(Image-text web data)
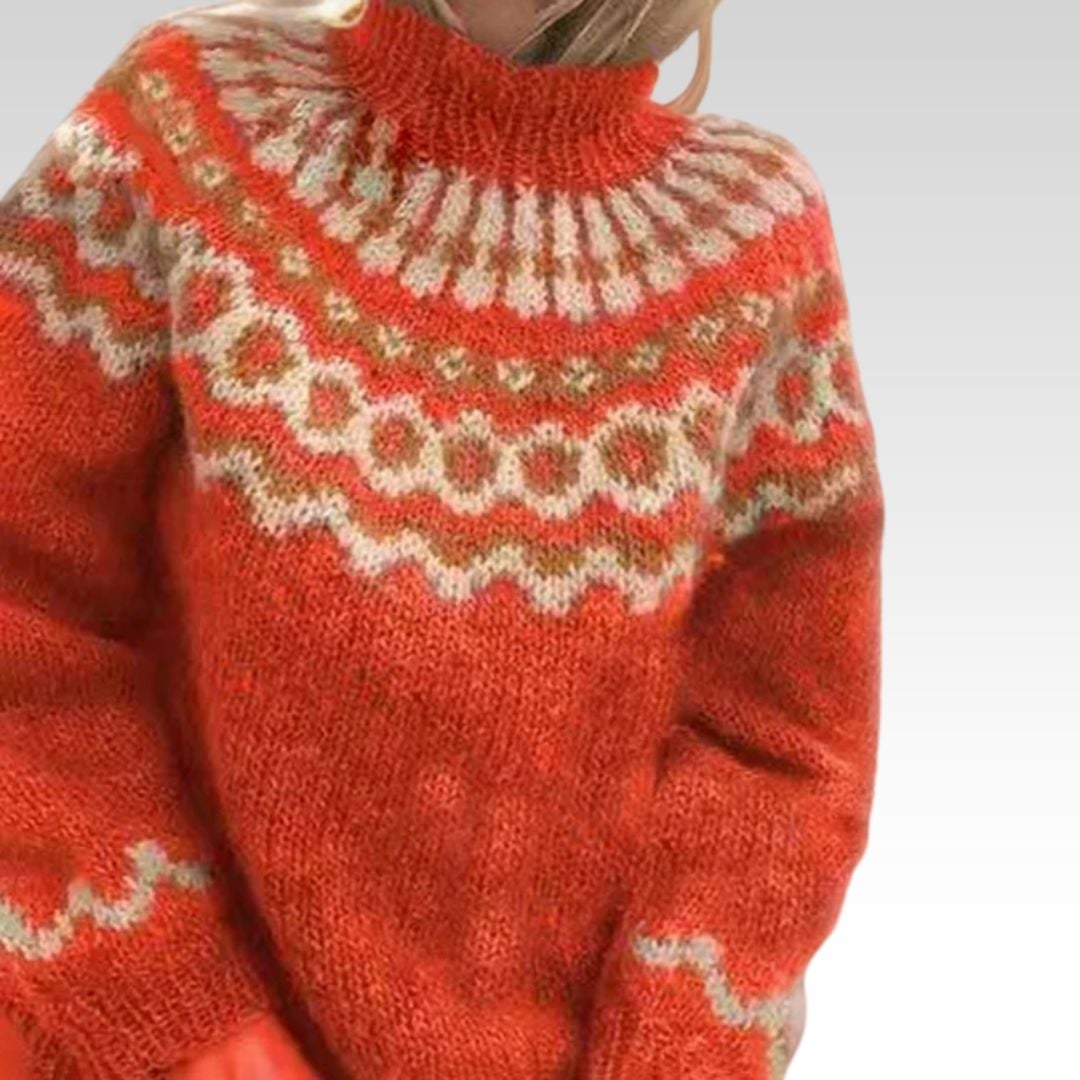 The Ragnhild Turtleneck Sweater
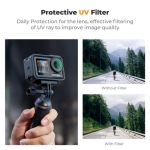 فیلتر یووی اسمو اکشن کی اند اف K&F DJI Osmo Action 5 Pro & Osmo Action 4 UV Lens
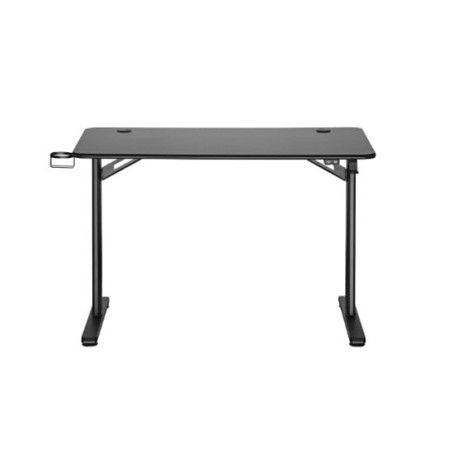 Scrivania gaming noua dot rgb 1130x600x750mm max 75kg nero [gd-rt112k75]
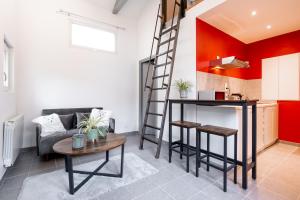 Appartements Le Petit Angoumoisin : photos des chambres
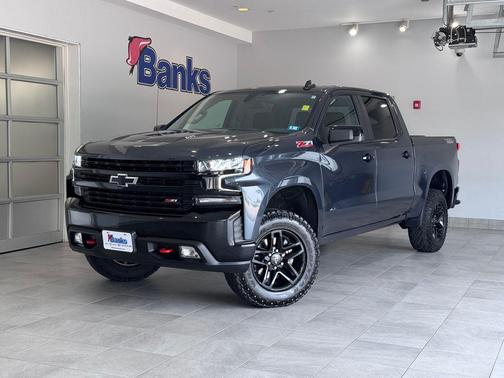 2022 Chevrolet Silverado 1500 LT Trail Boss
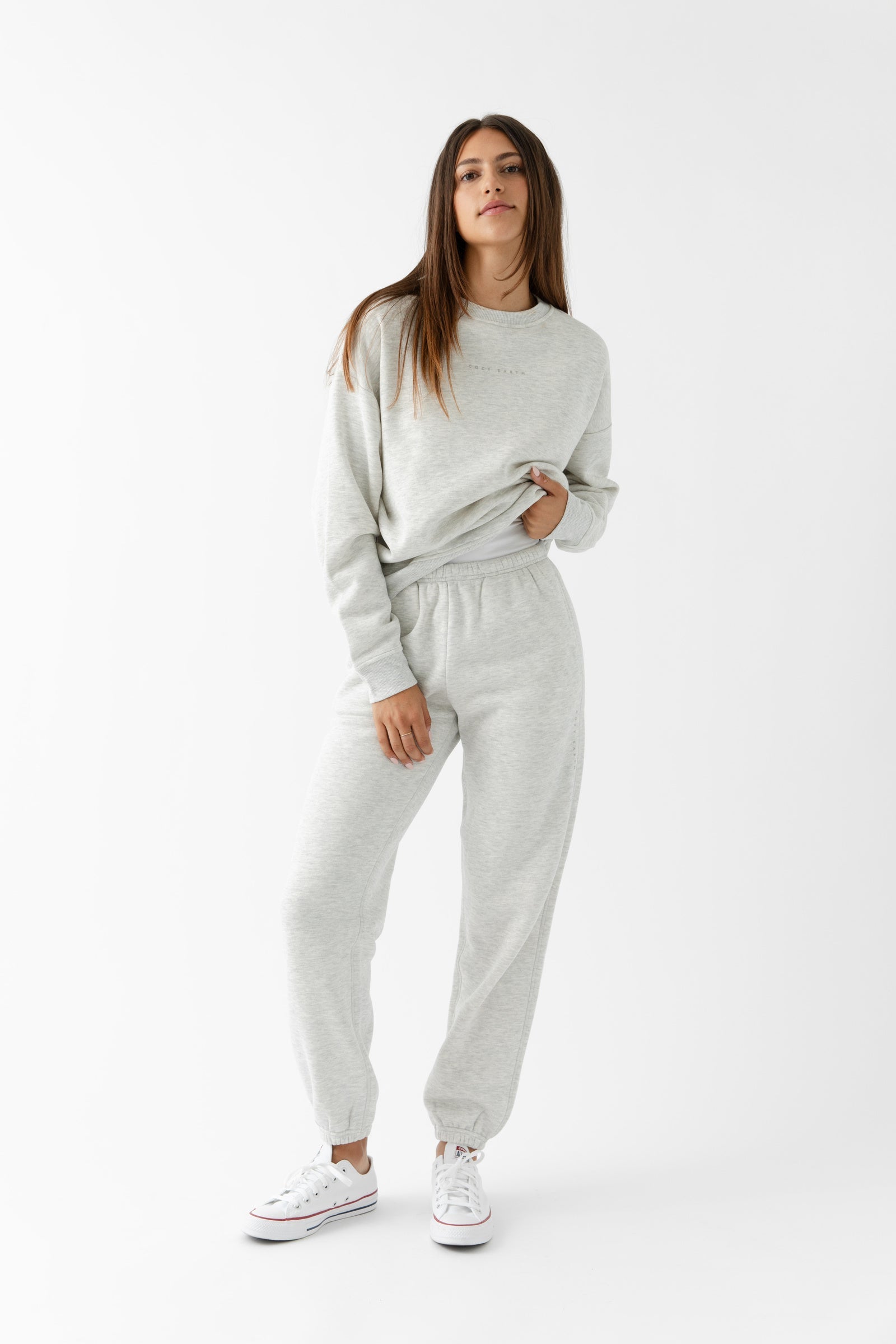 Women's CityScape Crewneck & Sweatpant Set - Last Chance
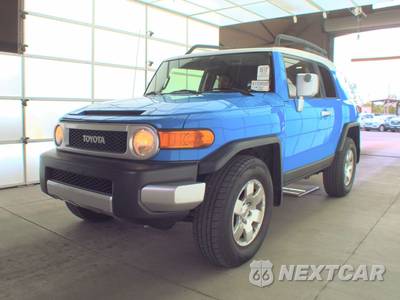 2008 Toyota FJ Cruiser w/Rear Doors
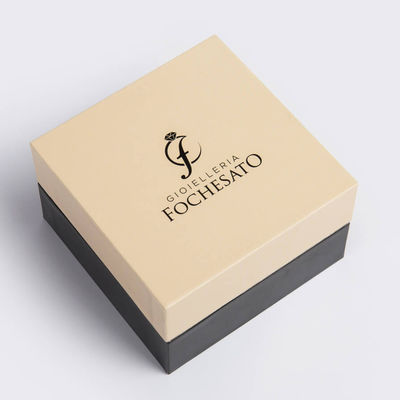 Orologi di lusso stampati su misura Imballaggio Carta scatole rigide imballaggio regalo con base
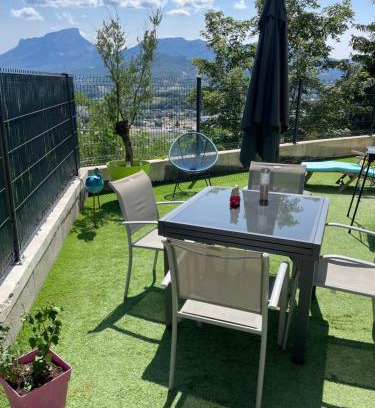 Saint-Alban-Leysse Apartment | Appartement Cocooning entre lacs et montagnes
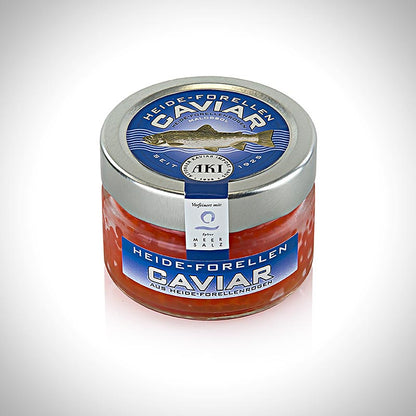 Forellen - Kaviar, gold - orange, 100 g | Kaviar, Austern, Fisch - und Meerestier - Produkte | thungourmet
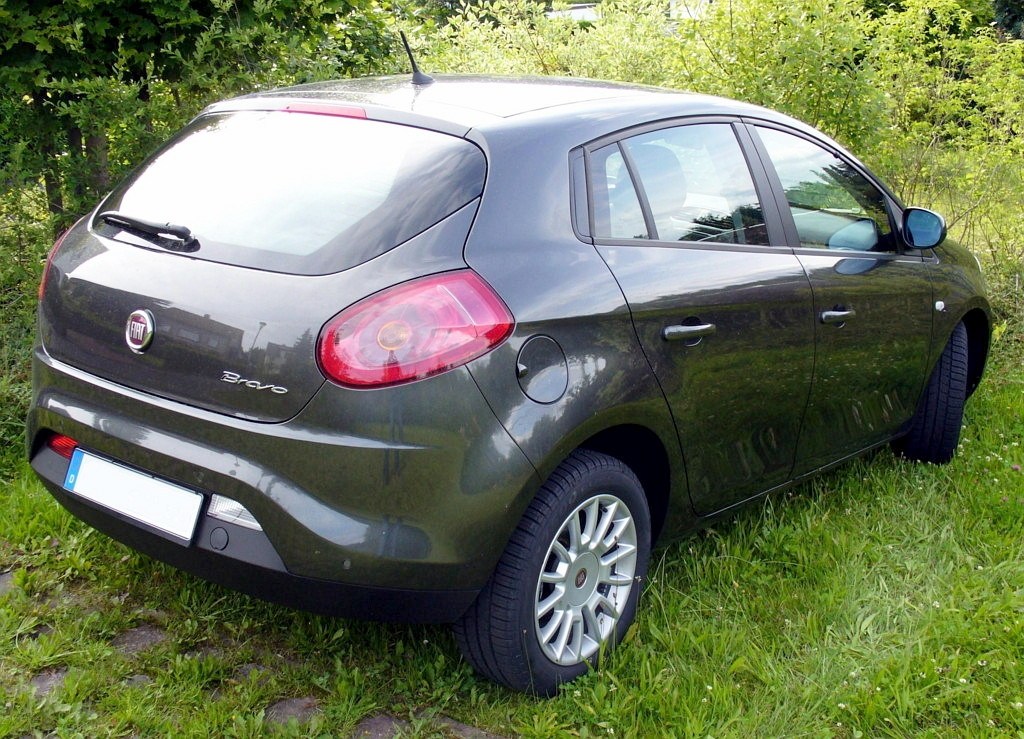 Fiat Bravo ikinci nesil yandan görünüm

Work instructions
Starting at the line that contains "Women's CityScape Crewneck", retype each line through the end of the data exactly, and leave out every picture.

Task response
 Women's CityScape Crewneck & Sweatpant Set - Last Chance
 2008 Toyota FJ Cruiser w/Rear Doors
 Orologi di lusso stampati su misura Imballaggio Carta scatole rigide imballaggio regalo con base
 Saint-Alban-Leysse Apartment | Appartement Cocooning entre lacs et montagnes
 Forellen - Kaviar, gold - orange, 100 g | Kaviar, Austern, Fisch - und Meerestier - Produkte | thungourmet
 Fiat Bravo ikinci nesil yandan görünüm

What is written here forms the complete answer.